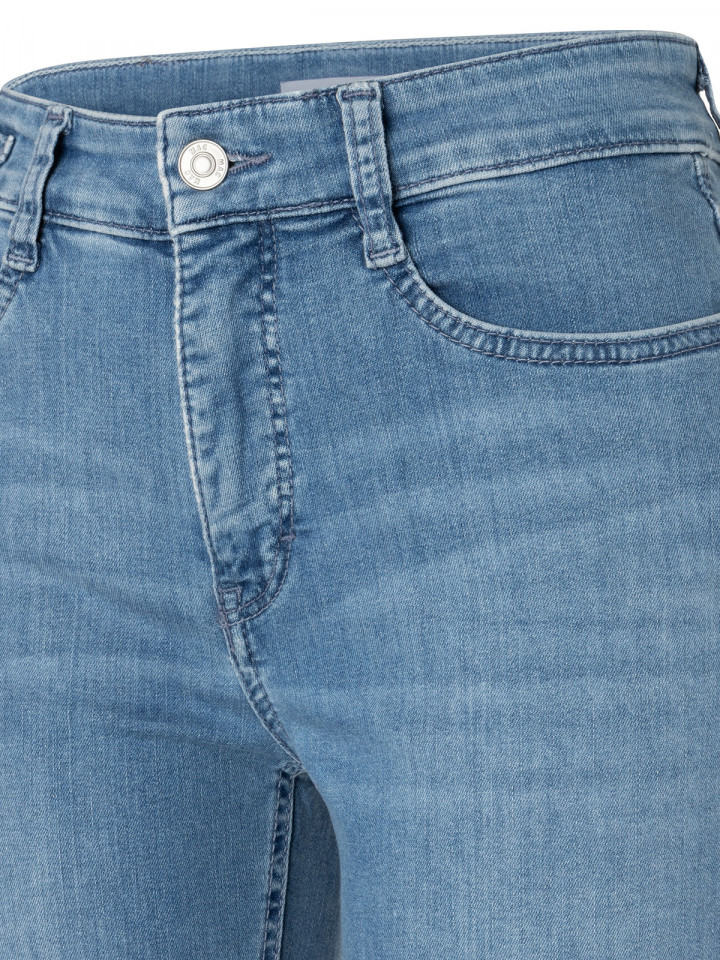 Jeans Laura ljus denimblå från MAC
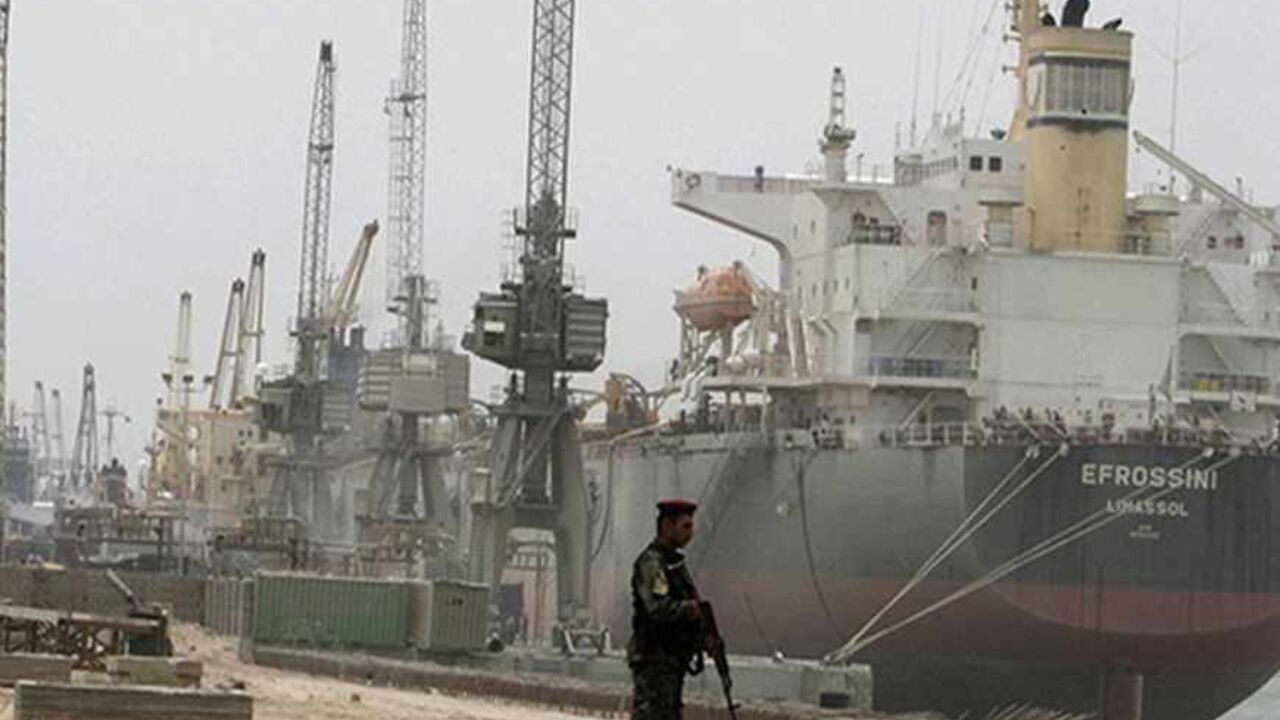 Iraqi soldier stands guard at Umm Qasr's port near Basra, 420 km (260 miles) southeast of Baghdad July 10, 2009. Unions are lobbying against Iraq's new oil contract with BP and China's CNPC, but the weakened labour movement may have a hard time thwarting deals desperately needed to revive a struggling oil sector.  Picture taken July 10, 2009. REUTERS/Atef Hassan (IRAQ CONFLICT POLITICS EMPLOYMENT BUSINESS ENERGY) - RTR25MGP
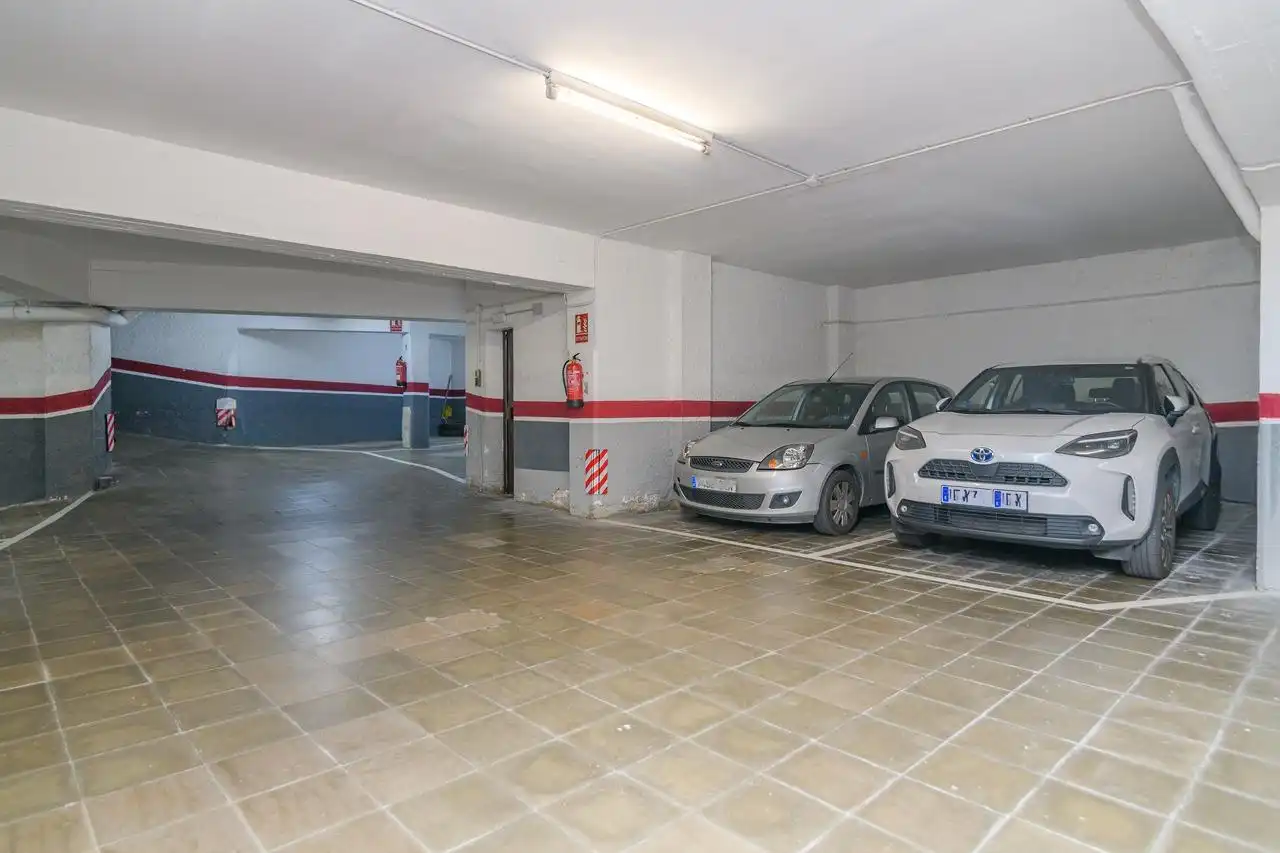 Parkplatz von Wohnung zum Verkauf in Manresa mit Heizung, Abstellraum und Balkon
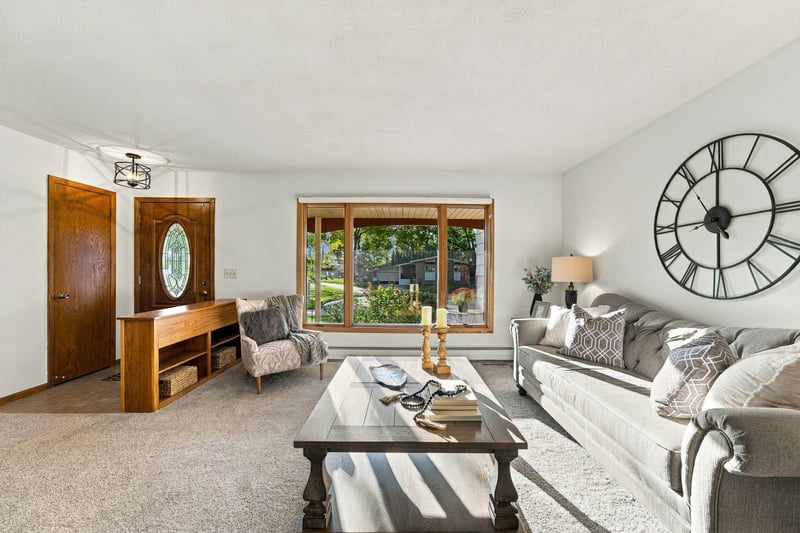 227 Ridgewood Ct, Waconia, MN 55387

☆ ☆ ☆ ☆ ☆

_YOUR ASSIGNMENT_. Exact copy, no pictures: please print the data above once more.

_YOUR SOLUTION_.
 Jeans Laura ljus denimblå från MAC
 Iraqi soldier stands guard at Umm Qasr's port near Basra, 420 km (260 miles) southeast of Baghdad July 10, 2009. Unions are lobbying against Iraq's new oil contract with BP and China's CNPC, but the weakened labour movement may have a hard time thwarting deals desperately needed to revive a struggling oil sector.  Picture taken July 10, 2009. REUTERS/Atef Hassan (IRAQ CONFLICT POLITICS EMPLOYMENT BUSINESS ENERGY) - RTR25MGP
 Parkplatz von Wohnung zum Verkauf in Manresa mit Heizung, Abstellraum und Balkon
 227 Ridgewood Ct, Waconia, MN 55387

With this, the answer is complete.